Train Your Team on the New Tool
This sounds obvious but teams skip it constantly. Block 30 minutes to walk everyone through the new video tool's quirks: how to share screen, manage audio, use key features. Zoom's interface is familiar to most people, so switching to something different requires intentional onboarding.
When we moved part of our team to Around, we did a training session specifically about the floating bubbles and "Camera Off" mode. Without that, people would've been confused and frustrated.
Meeting Notes Are the Hidden Migration
If you're switching for better meeting intelligence (like adding Granola), you need to change your meeting habits too. Stop taking messy notes manually. Trust the AI to capture context. This behavioral shift takes a few weeks, so be patient with yourself and your team.
I've talked to teams who adopted meeting note tools but didn't change their habits: they kept taking manual notes "just in case" and never got the time-saving benefits. The tool is only half the equation.
Communicate Changes to External People
If you're moving client calls or external meetings to a new tool, give people a heads up. A quick message like "We're switching to Whereby for our calls: no downloads needed, just click the link" sets expectations and reduces confusion.
Also, check accessibility. Some clients are on corporate networks that block certain video tools. Have a backup plan (usually Zoom) if someone can't connect.
Frequently Asked Questions
What's the best free Zoom alternative?
Google Meet. Unlimited 1:1 calls and group calls up to 60 minutes, no account required for guests, works in any browser. Whereby's free plan is also solid for up to 100 participants. Both blow Zoom's 40-minute free limit out of the water.
Is Zoom better than Google Meet?
Zoom has more features (better breakout rooms, more virtual backgrounds, granular controls). Meet has better Google Workspace integration and a cleaner interface. For most small team calls, they're equally reliable. Zoom wins for large meetings and webinars.
What's the best Zoom alternative for meeting notes?
Granola, hands down. It records meetings locally on your Mac, generates structured notes automatically, and captures context that generic transcription misses. Pairs with Zoom, Meet, or Teams so you're not replacing your video tool, just adding intelligence on top.
Can I use Whereby instead of Zoom for client calls?

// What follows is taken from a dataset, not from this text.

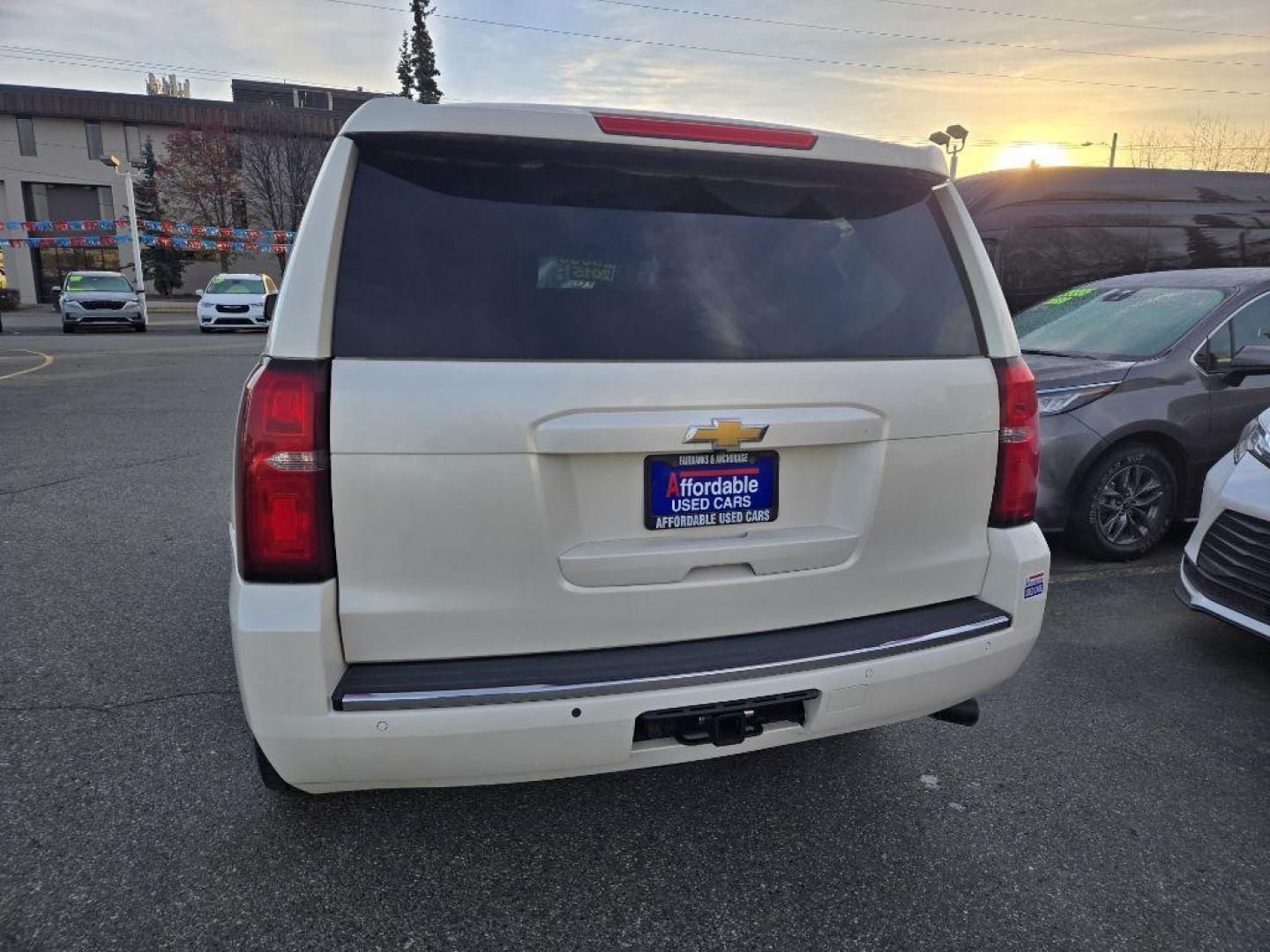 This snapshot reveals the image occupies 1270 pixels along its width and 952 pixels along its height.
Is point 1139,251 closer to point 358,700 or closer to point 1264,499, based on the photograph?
point 1264,499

Yeah, and your clients will probably appreciate it. Whereby is browser-based so guests don't download anything, and the interface feels less corporate than Zoom. Just make sure your calls stay under your participant limit (100 on free, more on paid plans).
Which Zoom alternative works in the browser?

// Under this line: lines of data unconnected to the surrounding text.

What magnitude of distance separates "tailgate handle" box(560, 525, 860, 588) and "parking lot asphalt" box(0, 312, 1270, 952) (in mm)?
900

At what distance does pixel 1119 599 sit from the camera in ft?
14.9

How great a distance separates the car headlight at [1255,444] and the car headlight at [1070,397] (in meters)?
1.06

Whereby, Google Meet, and Zoom's web client (though it's limited). Whereby and Meet are fully browser-based and don't push you toward an app. If "no downloads" is your priority, start with these two.
Is Loom better than Zoom?
They're solving different problems. Loom is for async video messages that avoid meetings entirely. Zoom is for live meetings. If you're doing a product demo or code review that doesn't need real-time discussion, Loom is better. If you need live Q&A, Zoom wins.
What's the lightest Zoom alternative?
Whereby. Browser-based, minimal interface, no app bloat. Meetings start instantly without the "launch Zoom app and wait" delay. Around is also light once installed, but it requires an app download which adds friction.